An Approximate L^p Difference Algorithm for Massive Data Streams
Authors: Jessica H. Fong ^{1}; Martin Strauss ^{2}
NULL##NULL
Jessica H. Fong;Martin Strauss
1 Department of Computer Science
2 AT&T Laboratories
Several recent papers have shown how to approximate the difference ∑ _i|a_i-b_i| or ∑ |a_i-b_i|^2 between two functions, when the function values a_i and b_i are given in a data stream, and their order is chosen by an adversary. These algorithms use little space (much less than would be needed to store the entire stream) and little time to process each item in the stream. They approximate with small relative error. Using different techniques, we show how to approximate the L^p-difference ∑ _i|a_i-b_i|^p for any rational-valued p∈(0,2], with comparable efficiency and error. We also show how to approximate ∑ _i|a_i-b_i|^p for larger values of p but with a worse error guarantee.
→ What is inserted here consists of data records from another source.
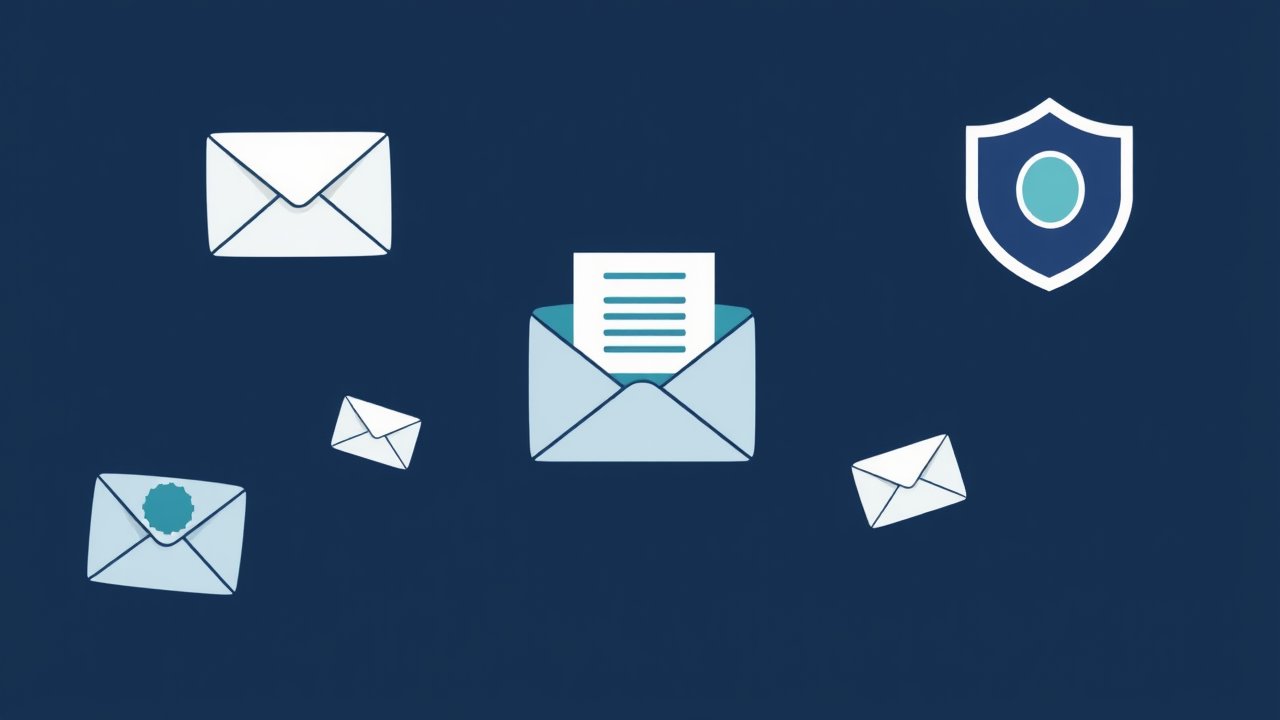 Temp Mail for Facebook: Sign Up Safely Without Your Real Email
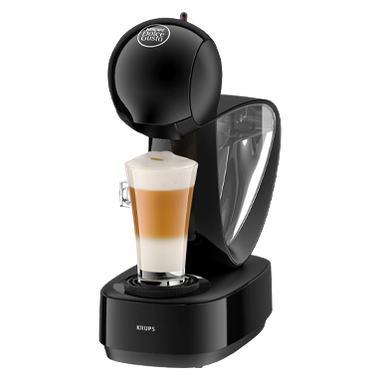 Românii și cheltuielile de Crăciun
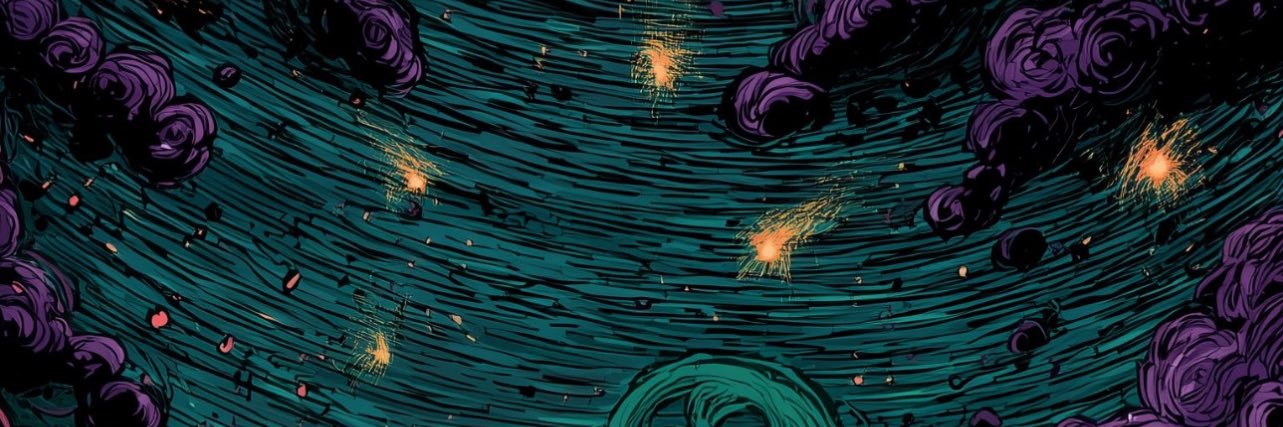 Dalanxx banner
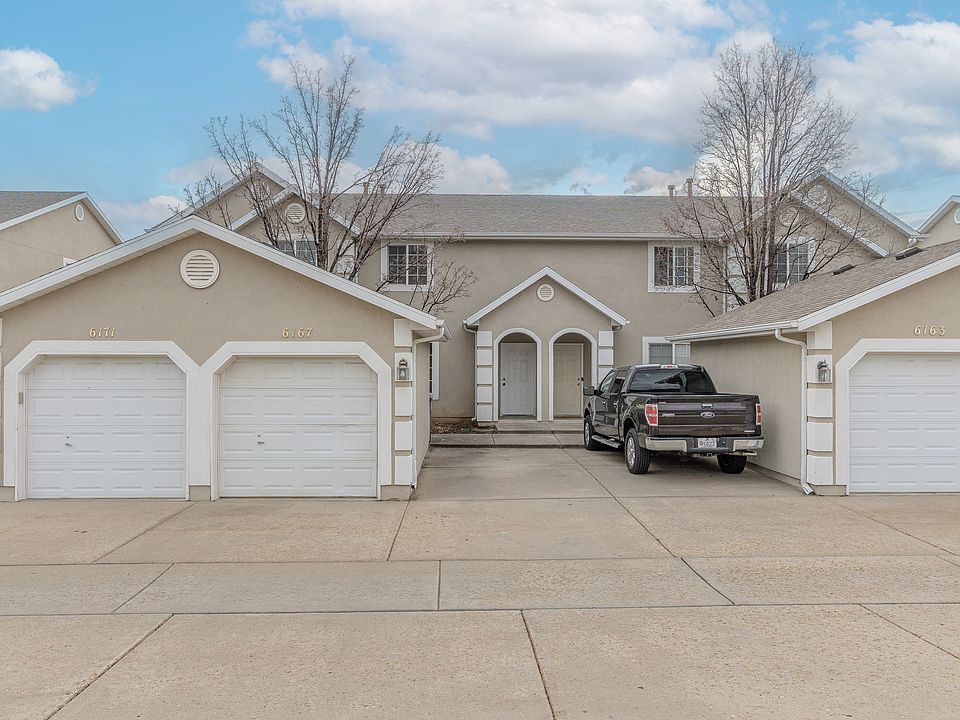 1st image of 6167 S 1275 E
Our results fill in gaps left by recent work, by providing an algorithm that is precisely tunable for the application at hand. These results can be used to assess the difference between two chronologically or physically separated massive data sets, making one quick pass over each data set, without buffering the data or requiring the data source to pause. For example, one can use our techniques to judge whether the traffic on two remote network routers are similar without requiring either router to transmit a copy of its traffic. A web search engine could use such algorithms to construct a library of small ''sketches,'' one for each distinct page on the web; one can approximate the extent to which new web pages duplicate old ones by comparing the sketches of the web pages. Such techniques will become increasingly important as the enormous scale, distributional nature, and one-pass processing requirements of data sets become more commonplace.